2007-06-20 22:05:27 | OSS・アプリ
 情報処理推進機構(IPA)は、このほど「06年度オープンソースソフトウェア活用基盤整備事業成果一覧」を発表した。内容は、「調査」が「GNU一般公衆利用許諾書バージョン3のディスカッション・ドラフトおよび解説の翻訳」など4件、「開発」が「オープンソースERPシステムの開発」など8件の合計12件となっている。

 <短評>IPAはわが国のOSS事業の中心的役割を果たしており、その活動はわが国のOSS事業の今後を大きく左右する。06年度の活動の中では「オープンソースERPシステムの開発」が注目される。同プロジェクトの目的は、個々の中小企業の要求に応じた、柔軟で自由なカスタマイズが行え、短期間で相対的に低いコストでの導入が可能なERPシステムを開発することである。開発後のスケジュールはKN情報システムがASPとなり、同システムを地元中小企業向けにサービスを開始する。また、同プロジェクトの開発メンバーを中心に開発コミュニティを立ち上げる。つまり、開発するだけではなく販売、サービス・サポートも行うOSS事業を立ち上げることになっている。現在、オープンソースERPはCompirerやNetSuiteなど米国のソフト会社製のみだったが、今回国産初のオープンソースERPが誕生し事業化に向け動き出すことになる。6月20日にマイクロソフトは日本市場でERP製品の正式発表を行った。ERP製品の市場での競業がますます激しくなる。(ossdata)

http://www.ipa.go.jp/software/open/ossc/seika.html

◇OSS◇ソリトンシステムズがWebメール/グループウエアソフト「Scalix」の販売代理店に

2007-06-17 18:35:42 | OSS・アプリ
 日本スケーリックスはWebメール/グループウエアソフト「Scalix1」の販売代理店契約をソリトンシステムズと行った。今回の販売代理店契約の締結により、日本スケーリックスにとって、ソリトンの実績と提案力によってエンタープライズメールマーケットでの販売およびサポートを強化できる。今後1年間で10サイトの大規模システム構築を目指す。

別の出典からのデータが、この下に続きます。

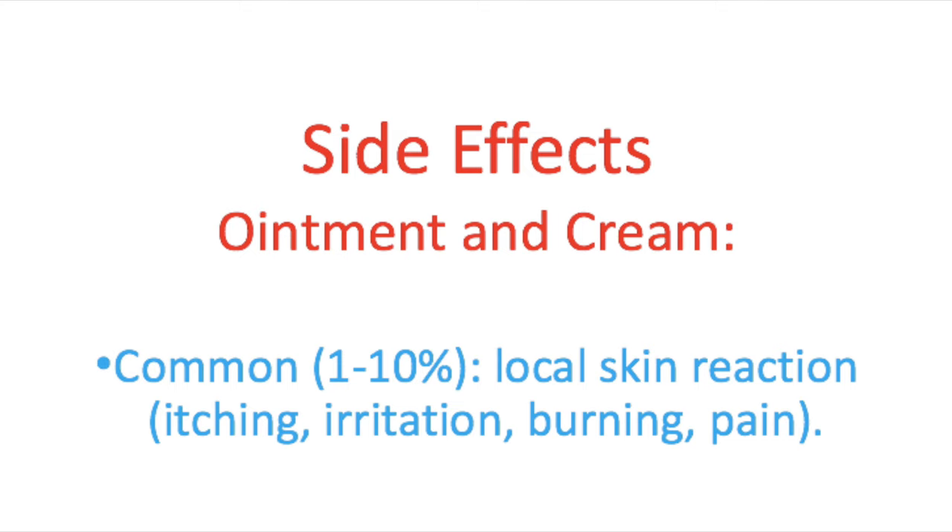Betamethasone is an effective drug but it can have some side effects. I'll discuss the most common ones here, but for a complete list always ask your doctor or pharmacist, or check the leaflet. When using the cream or ointment, about one to ten percent of all patients may experience a local skin reaction — such as itching, irritation, burning, or pain.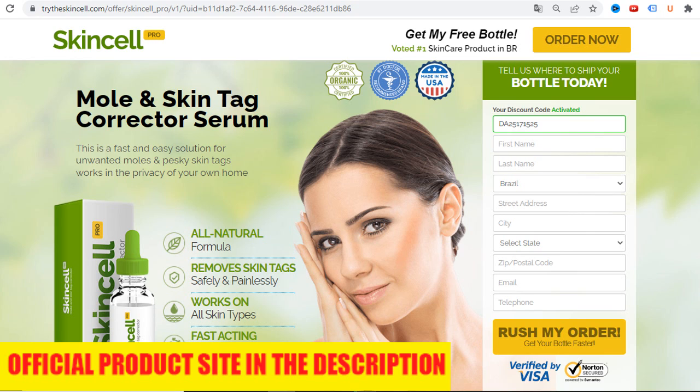SkinCell Pro is a powerful serum made from natural ingredients. With just a few drops applied to a blemish, the serum works to penetrate to the root of a mole or skin tag and triggers a rush of white blood cells to the blemish, which starts the removal and healing. SkinCell Pro is specially formulated and manufactured in the United States of America in a state-of-the-art FDA-approved facility.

 <短評>米スケーリックス社が開発するScalixはLinux上で動作するメール/グループウエアソフトで、Ajaxをフル活用し、Exchangeのリプレース可能である。前身となるHP OpenMailから数えて10年以上の歴史となるという。SOHOなど小規模サイトから数千ユーザーの大規模サイトまで実績を持っている。特徴はSOHOから数万ユーザーまで拡張性に優れていることと、日本版SOX法の施行で需要増が期待される全文保存機能が標準でサポートされていることなど。特にScalixが注目されるのが“コマーシャルOSS”に基づいていること。コマーシャルOSSは無償というメリットに加え、さらにサポートを付け加えていることで、OSSとクローズソフトの双方の長所を合わせ持ったソフト。今回、上場を果たしたばかりの、力のあるソリトンが販売代理店に加わったことは日本におけるScalixの普及に大きな意味を持つ。Exchangeからの置き換えはどう展開するかもみどころ。
(ossdata)

http://www.scalix.co.jp/news/news-20070427.html

◇OSS◇OSJと管理システムが国土交通省釜房ダム管理所のWebサイトをフルOSSで構築

2007-06-15 21:40:35 | OSS・アプリ
 オープンソース・ジャパン(OSJ、角田好志社長)と山形県のSI企業の管理システム(今野修社長)は、OSJの技術支援の下、管理システムが国土交通省東北地方整備局釜房ダム管理所のWebサイトをフルOSSで構築した。これはサイト編集機能にZope/Ploneを活用し、公開サイトは静的なHTML出力により、セキュリティ強化とリソースの最適化を実現したもの。両社は今回の実績を基に公共団体などのポータルサイト構築事業を推進し、今後1年間で5件のシステム構築を目指すことにしている。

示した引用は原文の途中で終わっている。